Thursday 30 August 2007

Homework and dirty work

Junior gets a makeover

Webtastic is the Gateway to websites’ younger sibling (gender unknown). We’ve had a collection of links to useful homework websites for a long time, but recently a colleague has been beavering away, adding more links, banishing faded ones, and making the pages much (much) brighter – and Webtastic was born!
Ranging from "Art & design" to "Webguides and search engines", the categories are broadly similar to those on the Gateway. But if, for instance, we look at "History", we can see a motley collection of the usual schoolwork suspects – the Ancient Egyptians, The Tudors, and the Victorians.


The Romans are also included, of course – they are billed as BBC Romans, not because they are a bunch of actors kitted out in the Television Centre wardrobe, but because the link is to yet another subject about which the BBC coverage reigns supreme.

The aim of Webtastic is to cover more or less everything on the school curriculum – we’re constantly looking for gaps to fill – but there’s nothing to stop you using these links for college coursework, or just for the pleasure of getting all the dirt on Henry VIII and his spousicidal tendencies (don’t bother checking – I made that word up, then found out that it’s been done before, dash it).


Go directly to Webtastic


Criminal relations

After looking at "History" on Webtastic, I glanced through the same category on the Gateway itself. I was drawn, not for the first time, to a website called Proceedings of the Old Bailey, which is pretty self-explanatory. Various learned bodies have got together to digitise the reports, from 1674 to 1834, of cases before the most famous court in the land.
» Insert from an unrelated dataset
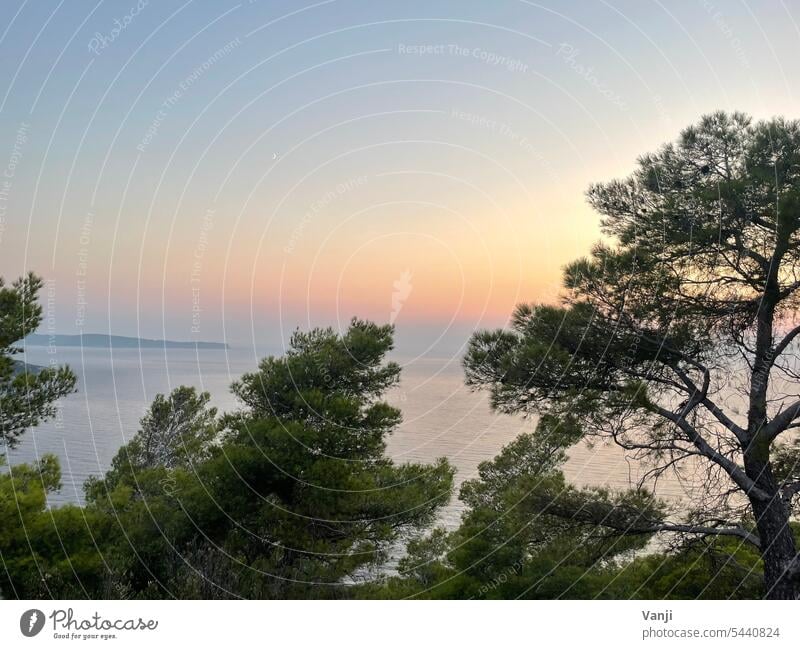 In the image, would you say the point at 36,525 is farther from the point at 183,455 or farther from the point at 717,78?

I’m sure the motives behind the project are serious and scholarly, but that’s no reason why we can’t have fun with it. The best way is to enter your own surname into the search box and see what trouble your forebears got into. There were just four entries for my name, involving two people; each was transported for nicking things (or "simple grand larceny" as it was more picturesquely called at the time).


Then I moved on to colleagues’ names. Well! What a bunch of crooks and ne’er-do-wells. It’s a silly game, of course – after all, they wouldn’t be here unless they were criminals or witnesses to crime. And they might be no relation whatsoever. Good fun, though.

(From the Gateway to websites, select "History". Proceedings of the Old Bailey is under "Local history".)